Ketahanan rumah tangga di Desa Batulicin Kecamatan Batulicin Kabupaten Tanah Bumbu Tahun 2010
diperoleh rumah tangga dengan status tidak tahan pangan sebanyak 6 rumah tangga (7,2%), status
tahan pangan sebanyak 66 rumah tangga (79,5% ) dan status sangat tahan pangan sebanyak 11 rumah
tangga (13,3%).
Uji analisis dengan “Korelasi Sperman Rank” mengungkapkan bahwa ada hubungan ketahanan rumah
tangga dengan status gizi anak sekolah usia 7-12 tahun di Desa Batulicin Kecamatan Batulicin
Kabupaten Tanah Bumbu Tahun 2010.
5.2. Saran
Adapun beberapa saran peneliti guna memberikan kontribusi positif sesuai ruang lingkup penelitian ini,
yaitu :
Bagi Pemerintah:
Meningkatkan kebijakan di bidang gizi agar dapat lebih menunjang perbaikan gizi masyarakat sehingga
status gizi masyarakat dapat tercapai secara optimal.
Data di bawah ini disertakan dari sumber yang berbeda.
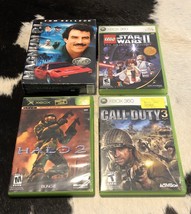 CD Lot Xbox 360 Lego Star Wars II Halo 2 Call Of Duty 3 Magnum PI 1st Season - £14.20 GBP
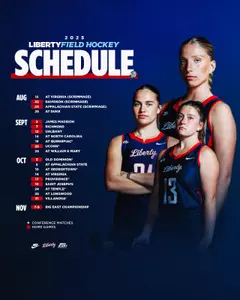 Field Hockey 2025 Schedule Release Graphic May 2, 2025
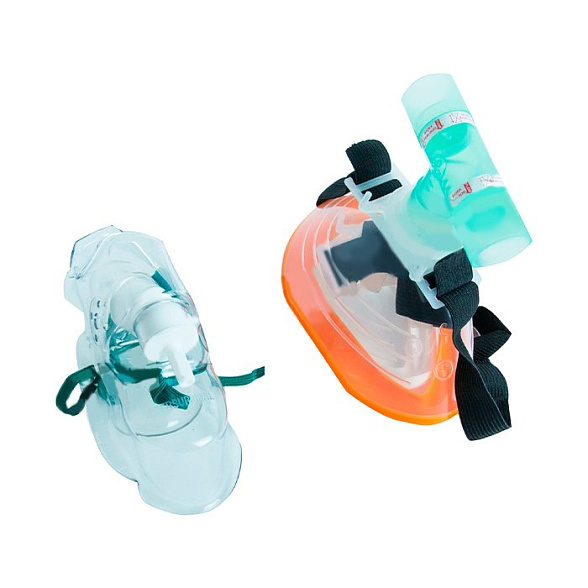 Кислородный редуктор с дыхательным контуром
Meningkatkan kerjasama aktif secara berkesinambungan dalam melaksanakan intervensi gizi melalui
Program Perbaikan Gizi Masyarakat terutama yang berkaitan dengan anak sekolah dan kesehatan
rumah tangga seperti Penyuluhan (di sekolah maupun di desa), Pemantauan Tumbuh-Kembang Anak
Sekolah, Usaha Kesehatan Sekolah (UKS), Pembinaan Dokter Kecil, Program Makanan Tambahan Anak
(PMT-AS), Penilaian Konsumsi Gizi (PKG), Kunjungan Rumah dan kegiatan lainnya.
Bagi Instansi Terkait (Dinas Pertanian, Kecamatan, Kelurahan, Lokalitbang, Dinas Kesehatan dan lain-
lain) :
Meningkatkan kerjasama lintas sektor guna bersama-sama mendorong masyarakat menjadi “Masyarakat
Sehat” seperti dalam kegiatan Penyuluhan, PKK, Pembinaan Tanaman Obat Keluarga (TOGA), dan
kegiatan lain-lain.
Bagi Masyarakat :
Meningkatkan wawasan dan pengetahuan gizi (seperti mengikuti penyuluhan, aktif memamfaatkan
fasilitas kesehatan, dan kegiatan lainnya) yang berkaitan dengan faktor-faktor ketahanan pangan rumah
tangga serta status gizi anak sekolah sehingga dapat diterapkan dalam kehidupan sehari-hari.